### [WHAT THE EXERCISE ASKS]
For the entries that follow, set down each one exactly and drop any pictures.

(Brief descriptive captions)

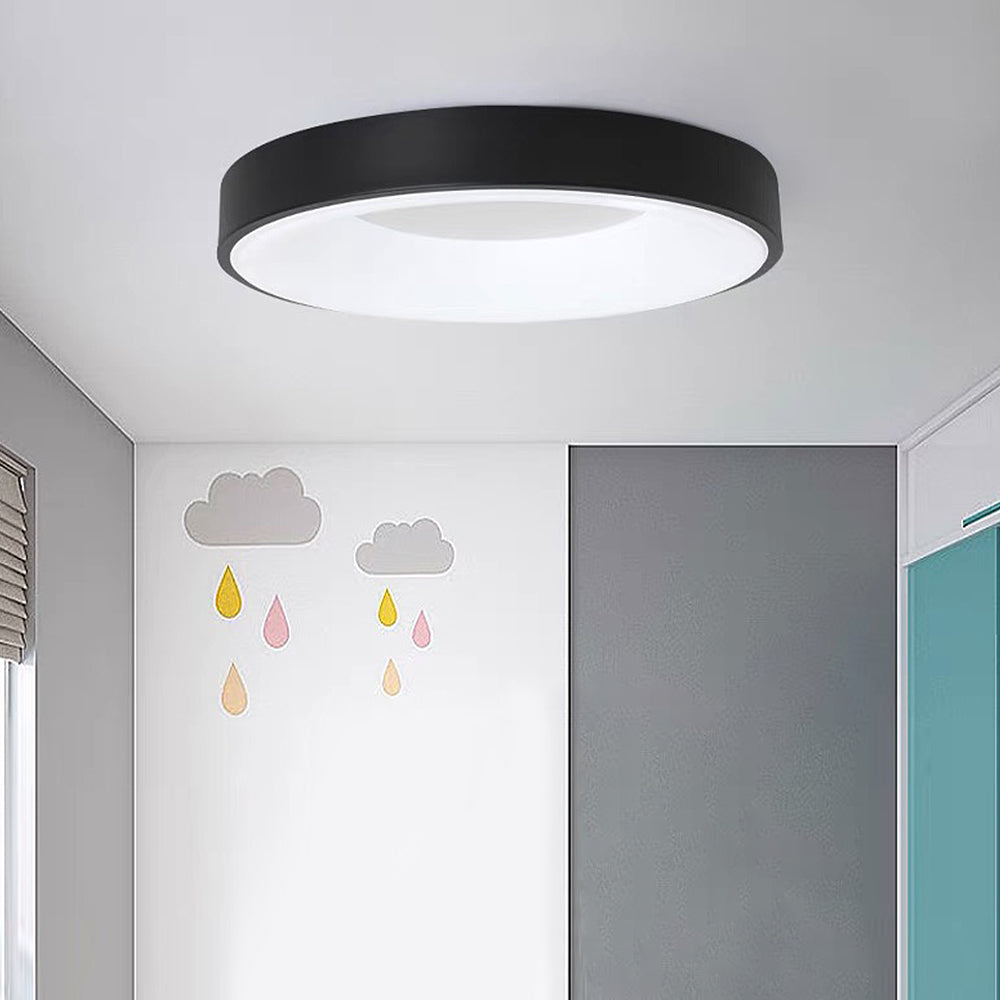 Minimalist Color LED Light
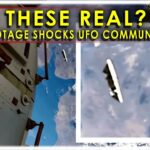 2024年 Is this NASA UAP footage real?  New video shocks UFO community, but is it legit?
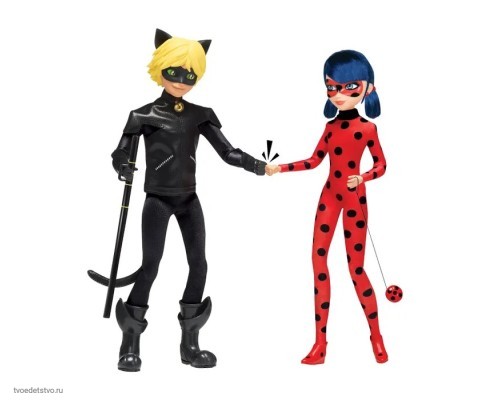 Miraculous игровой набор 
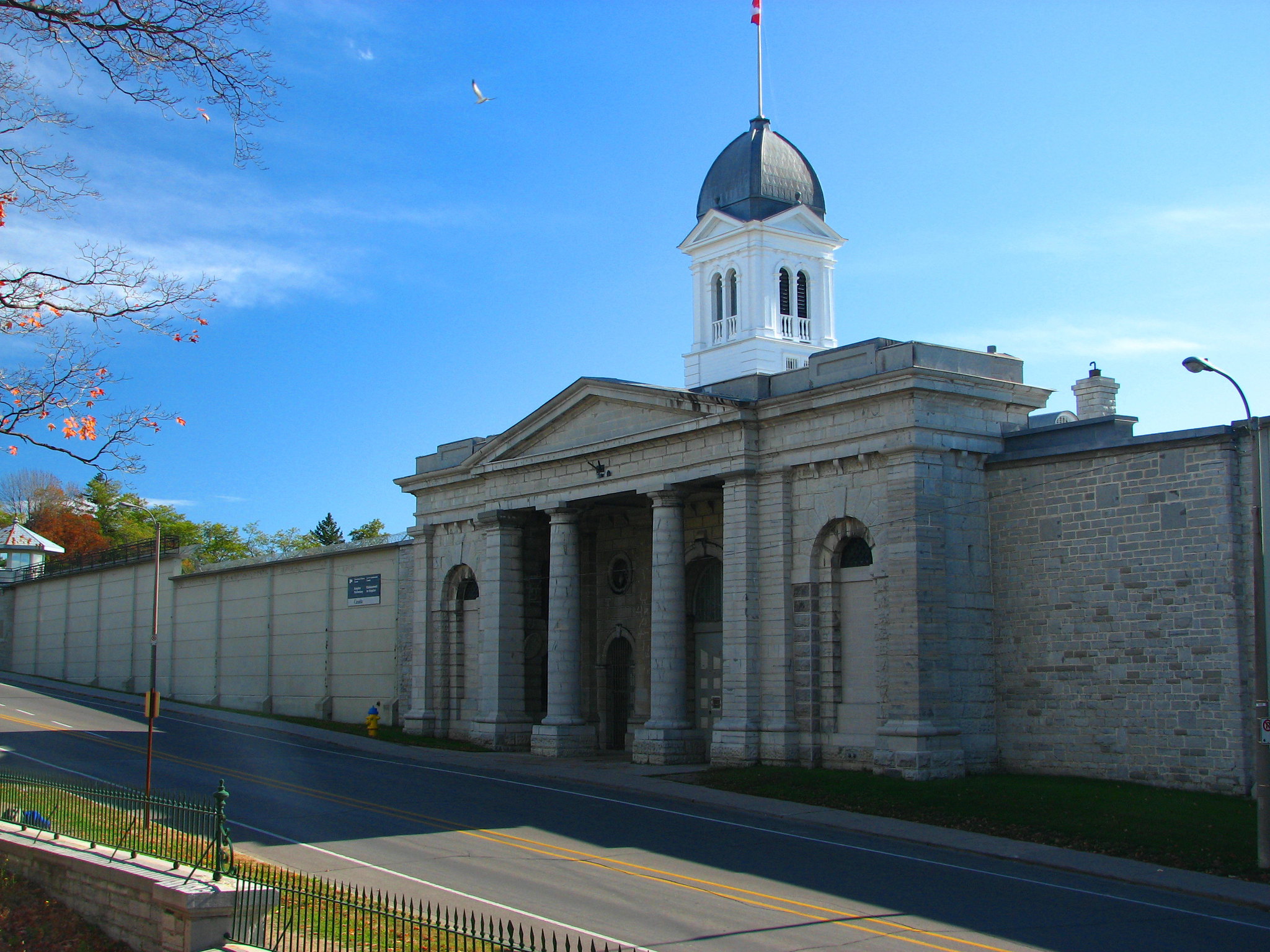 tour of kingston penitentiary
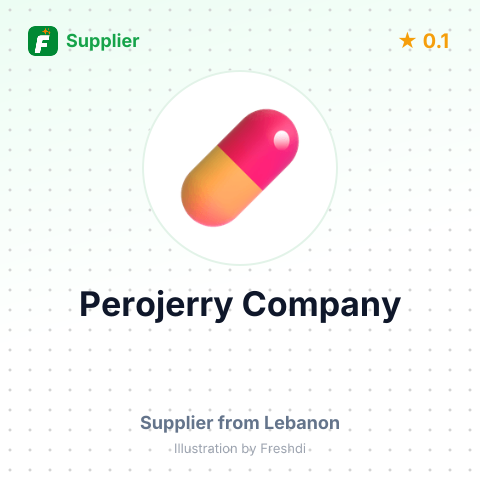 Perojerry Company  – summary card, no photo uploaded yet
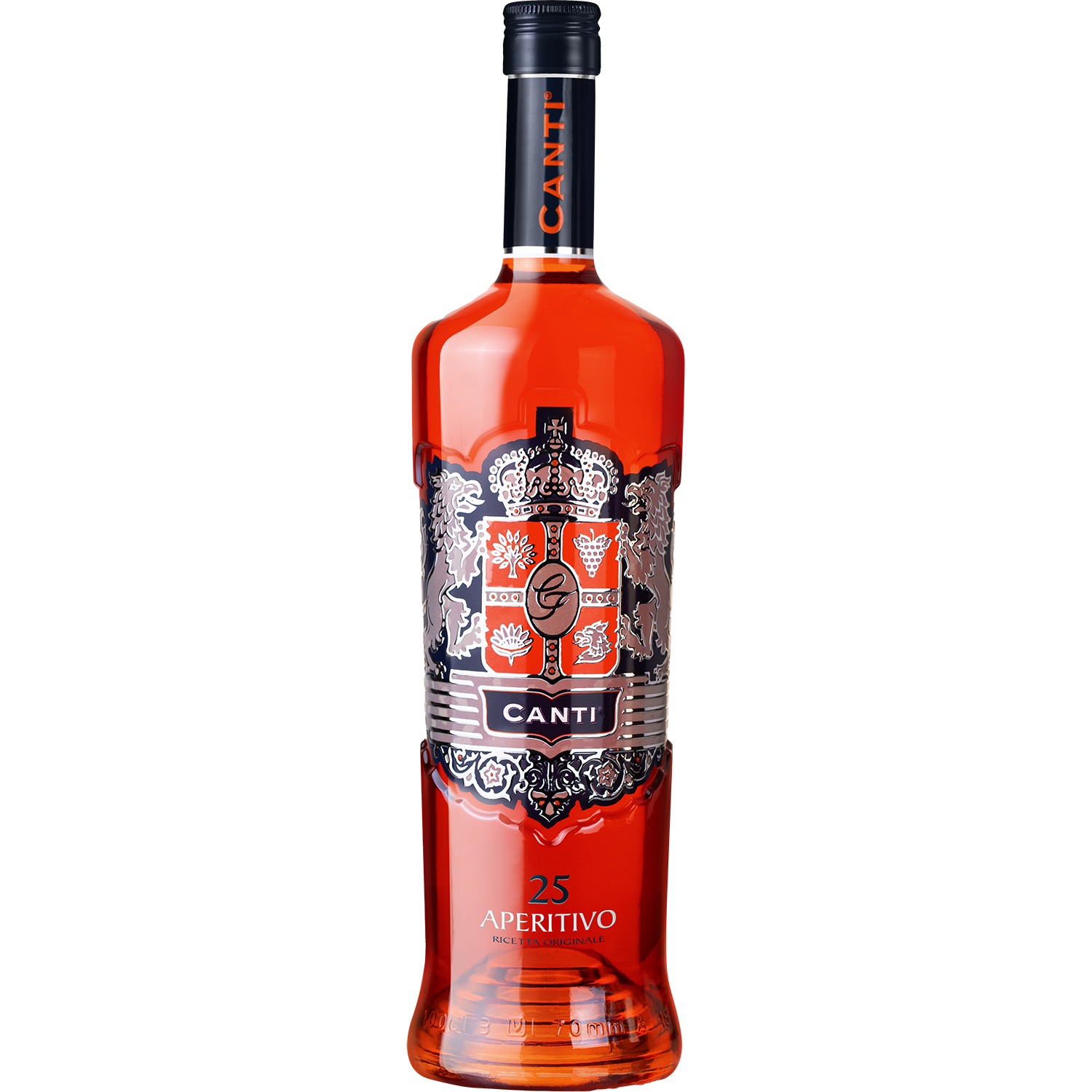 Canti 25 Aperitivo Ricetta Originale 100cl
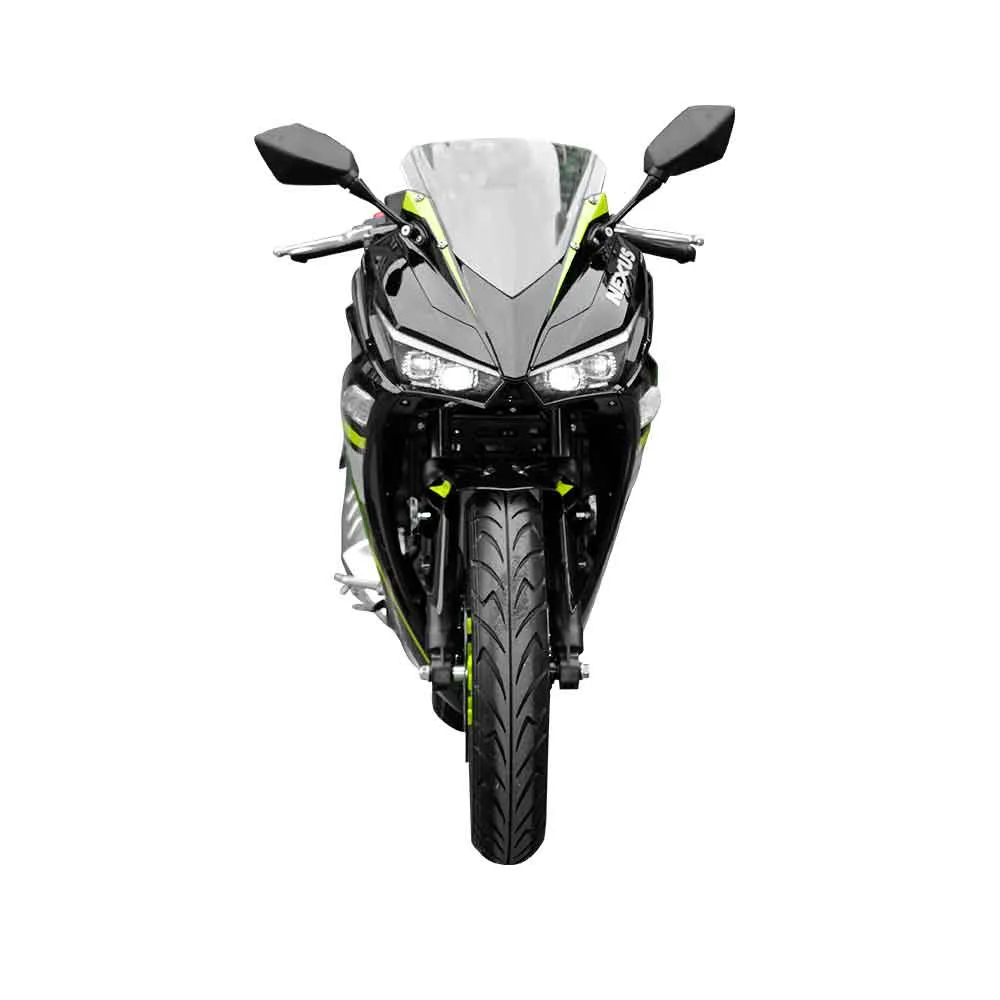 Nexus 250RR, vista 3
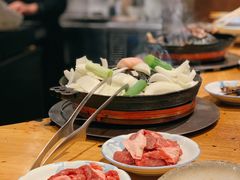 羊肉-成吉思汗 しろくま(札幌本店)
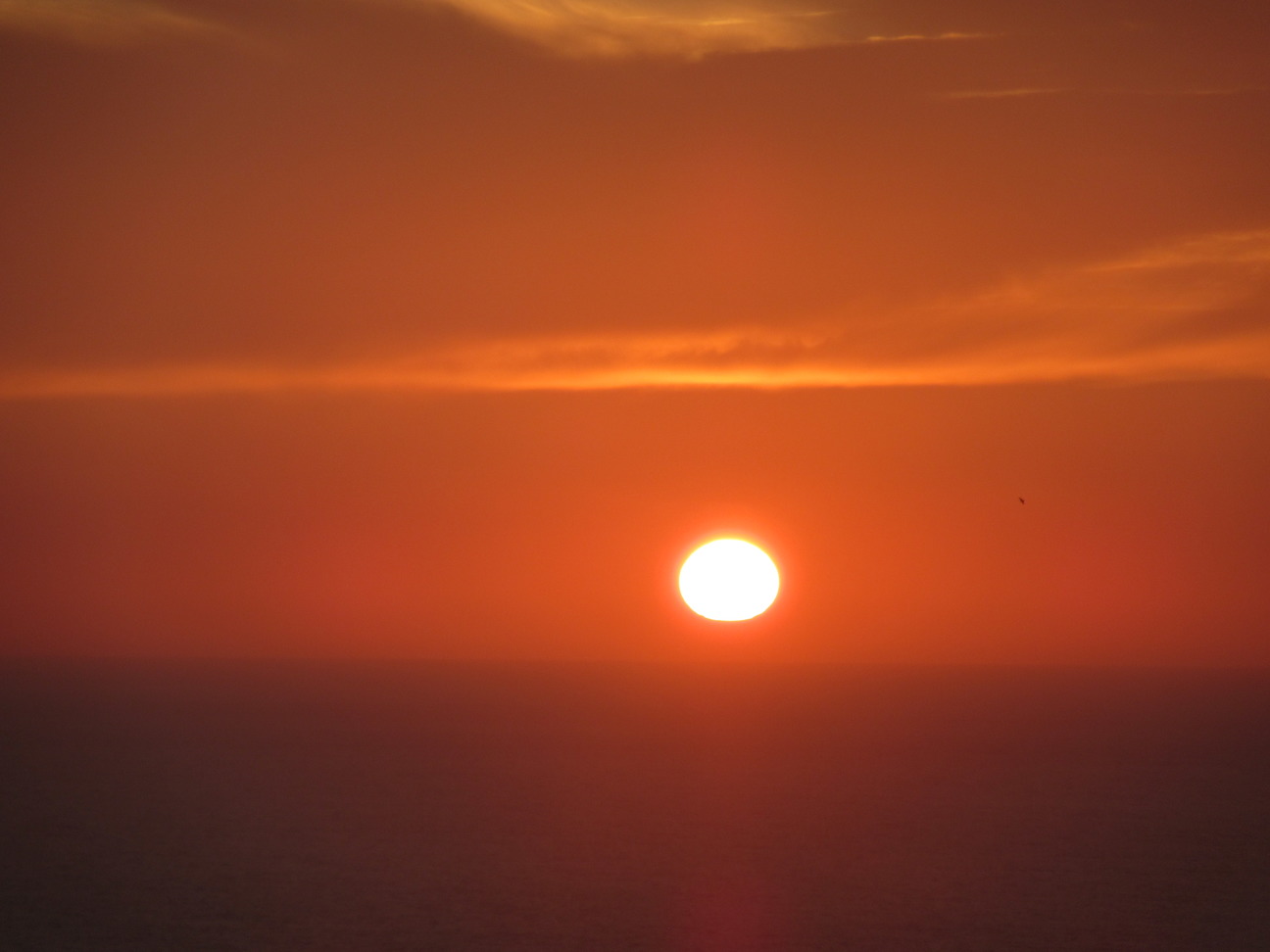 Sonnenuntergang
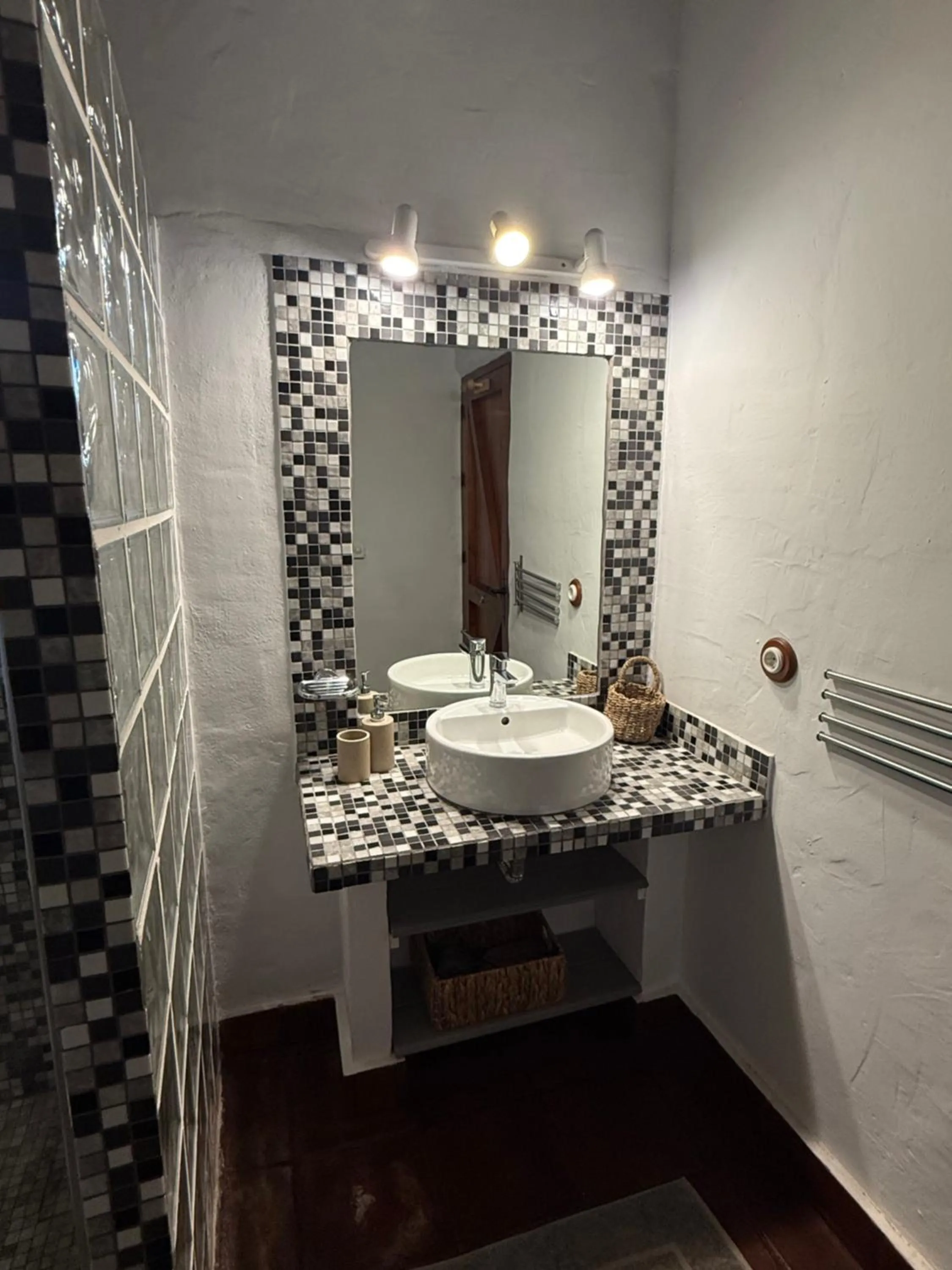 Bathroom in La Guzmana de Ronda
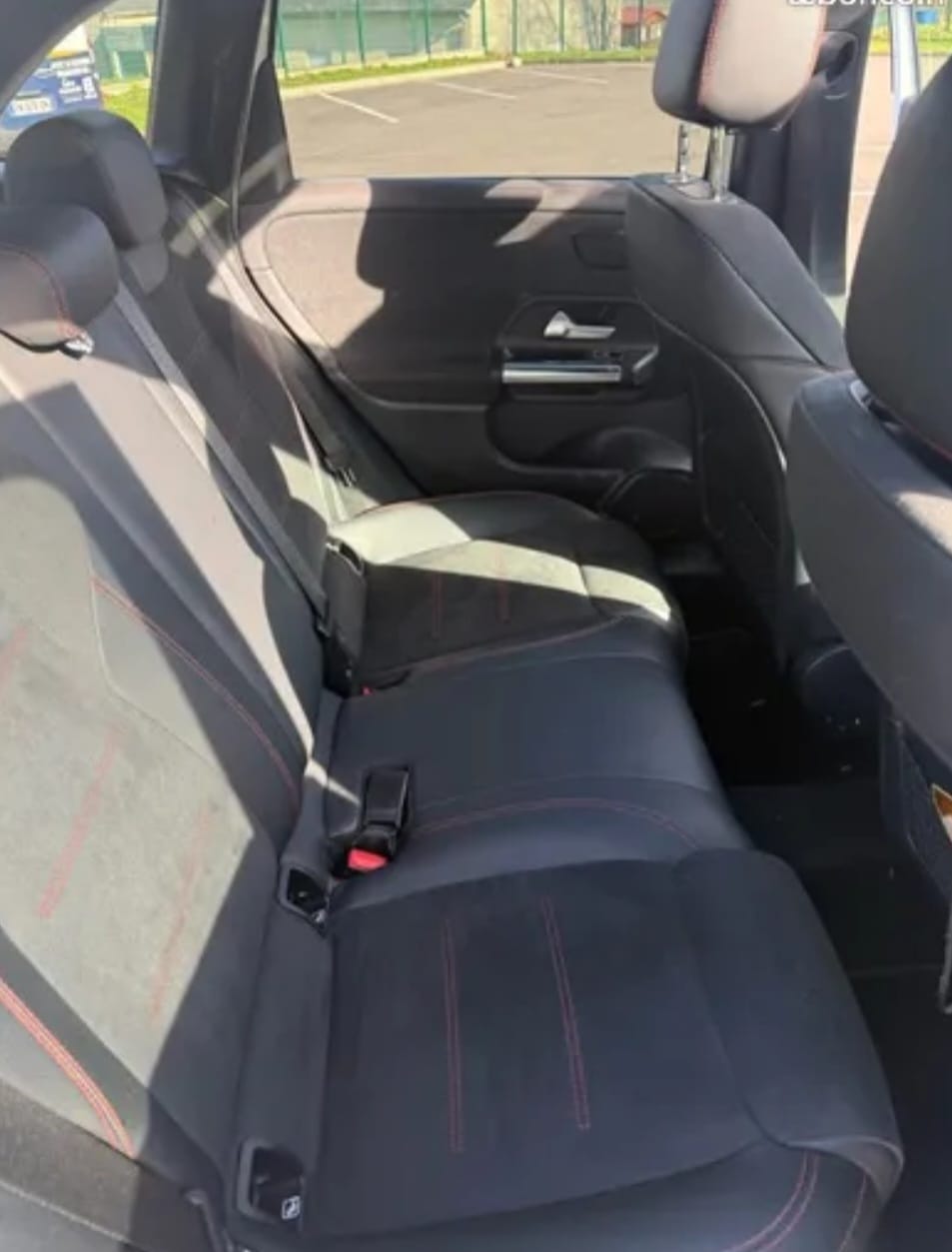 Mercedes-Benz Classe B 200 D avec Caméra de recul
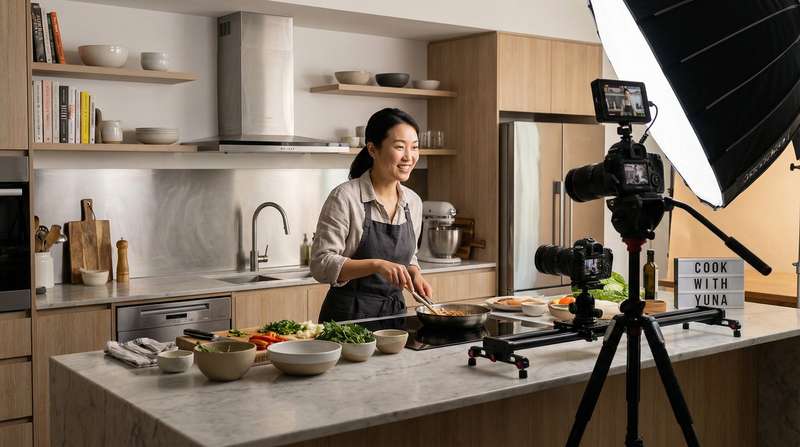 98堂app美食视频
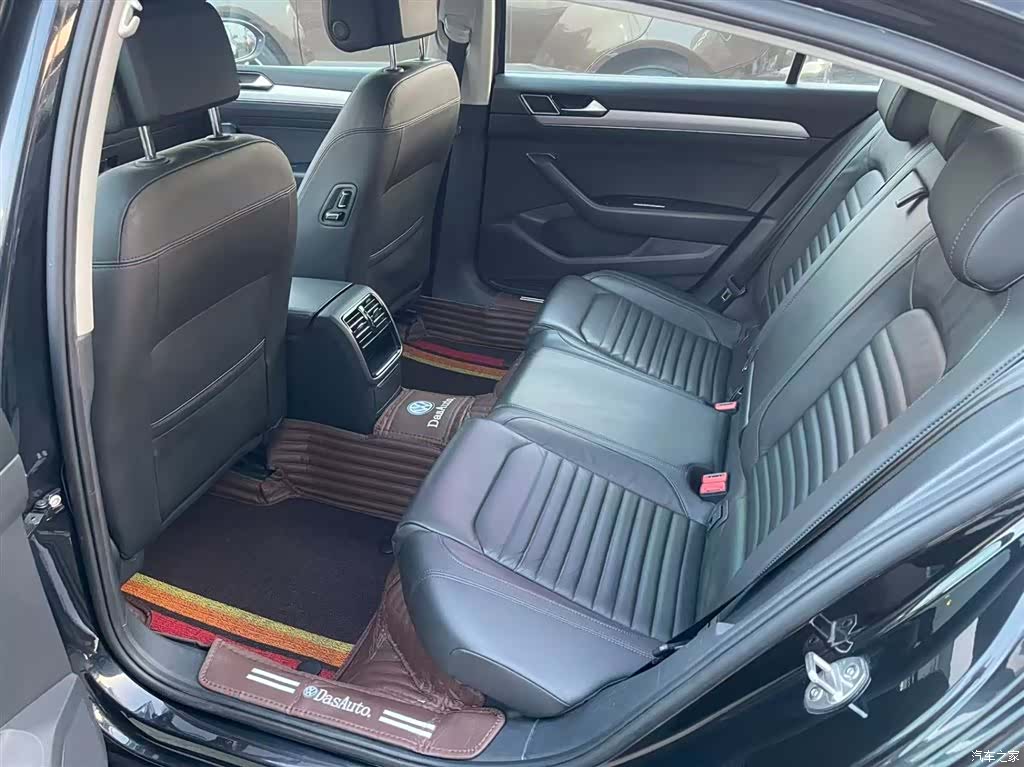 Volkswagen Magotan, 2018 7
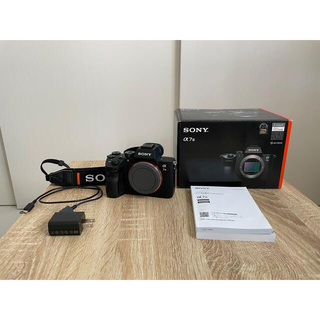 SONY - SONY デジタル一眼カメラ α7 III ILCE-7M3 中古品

### [SOLUTION TO THIS TASK]
 Minimalist Color LED Light
 2024年 Is this NASA UAP footage real?  New video shocks UFO community, but is it legit?
 Miraculous игровой набор 
 tour of kingston penitentiary
 Perojerry Company  – summary card, no photo uploaded yet
 Canti 25 Aperitivo Ricetta Originale 100cl
 Nexus 250RR, vista 3
 羊肉-成吉思汗 しろくま(札幌本店)
 Sonnenuntergang
 Bathroom in La Guzmana de Ronda
 Mercedes-Benz Classe B 200 D avec Caméra de recul
 98堂app美食视频
 Volkswagen Magotan, 2018 7
 SONY - SONY デジタル一眼カメラ α7 III ILCE-7M3 中古品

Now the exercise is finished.